**Brief:** Among the entries below, only the lines from the one with "A modern outdoor" through the one with "Whisking in parmesan" are wanted, reproduced exactly. Pictures are not wanted.

*** Excerpted data Section Begins ***

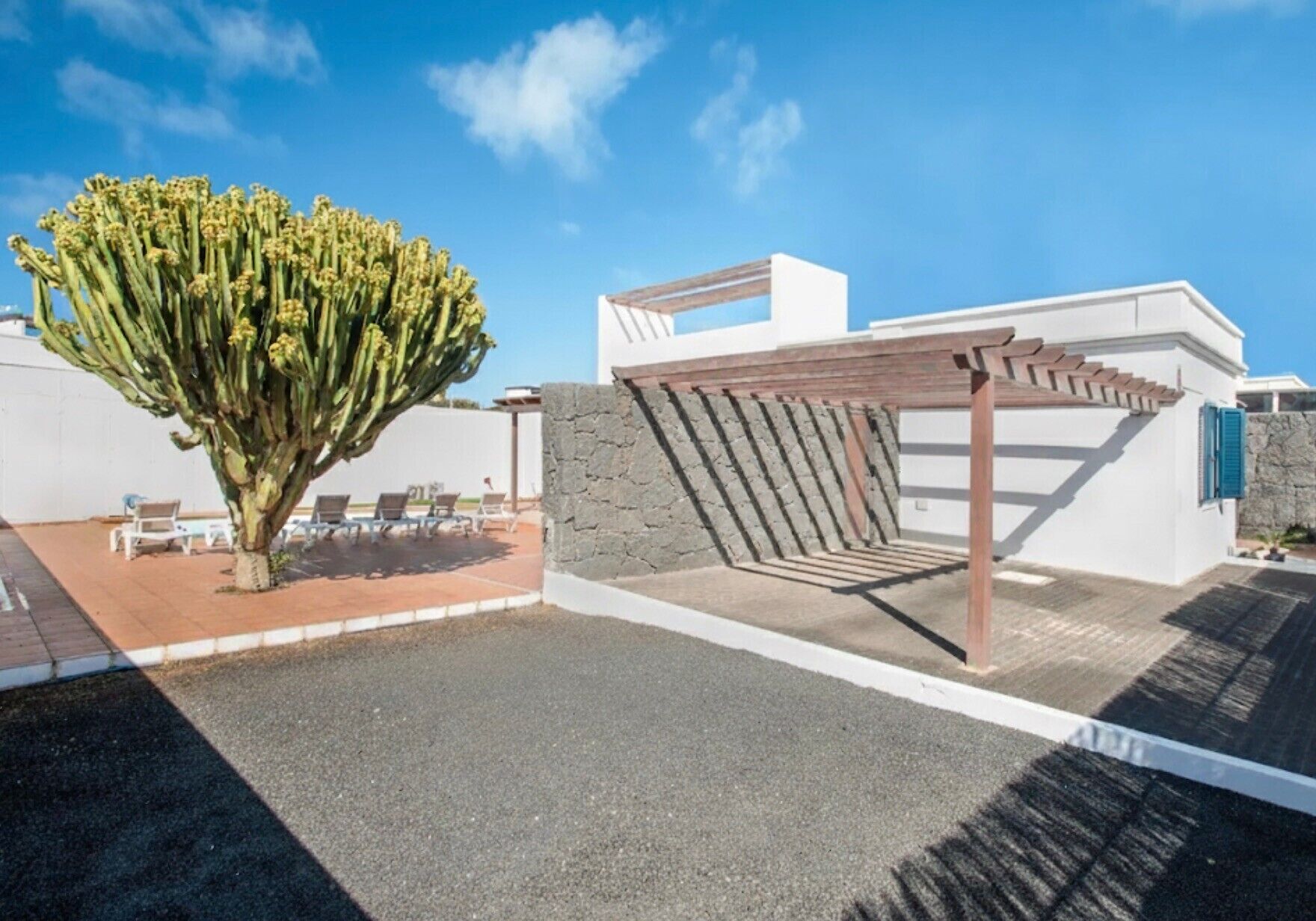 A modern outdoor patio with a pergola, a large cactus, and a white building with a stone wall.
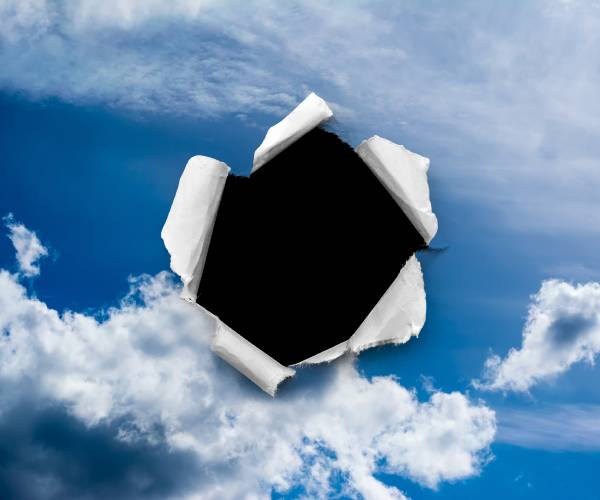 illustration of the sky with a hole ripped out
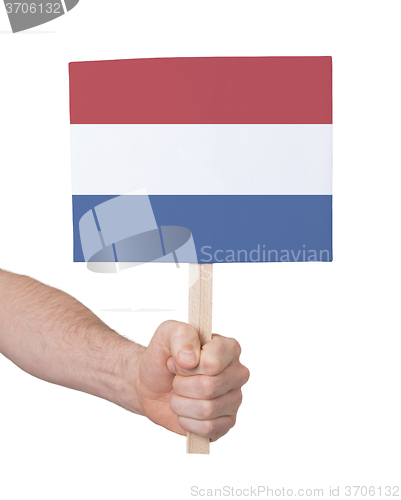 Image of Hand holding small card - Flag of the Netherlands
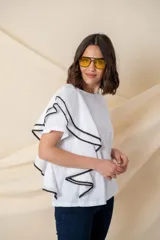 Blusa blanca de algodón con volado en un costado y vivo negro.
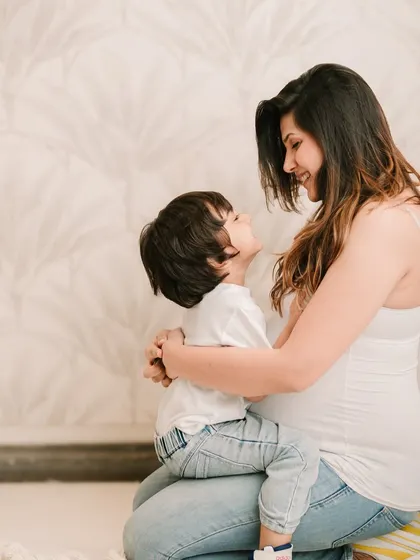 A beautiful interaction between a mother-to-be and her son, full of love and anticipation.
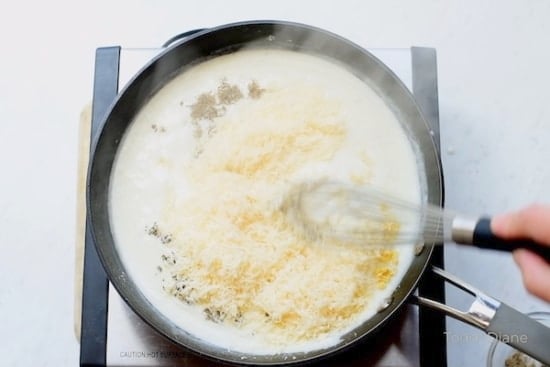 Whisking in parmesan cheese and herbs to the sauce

*** Excerpted data Section Ends ***
*** Excerpted data Section Begins ***

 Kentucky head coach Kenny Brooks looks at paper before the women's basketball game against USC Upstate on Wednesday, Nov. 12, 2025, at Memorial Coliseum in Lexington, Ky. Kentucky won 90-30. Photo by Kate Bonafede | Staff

*** Excerpted data Section Ends ***

**Solved problem:**
 A modern outdoor patio with a pergola, a large cactus, and a white building with a stone wall.
 illustration of the sky with a hole ripped out
 Image of Hand holding small card - Flag of the Netherlands
 Blusa blanca de algodón con volado en un costado y vivo negro.
 A beautiful interaction between a mother-to-be and her son, full of love and anticipation.
 Whisking in parmesan cheese and herbs to the sauce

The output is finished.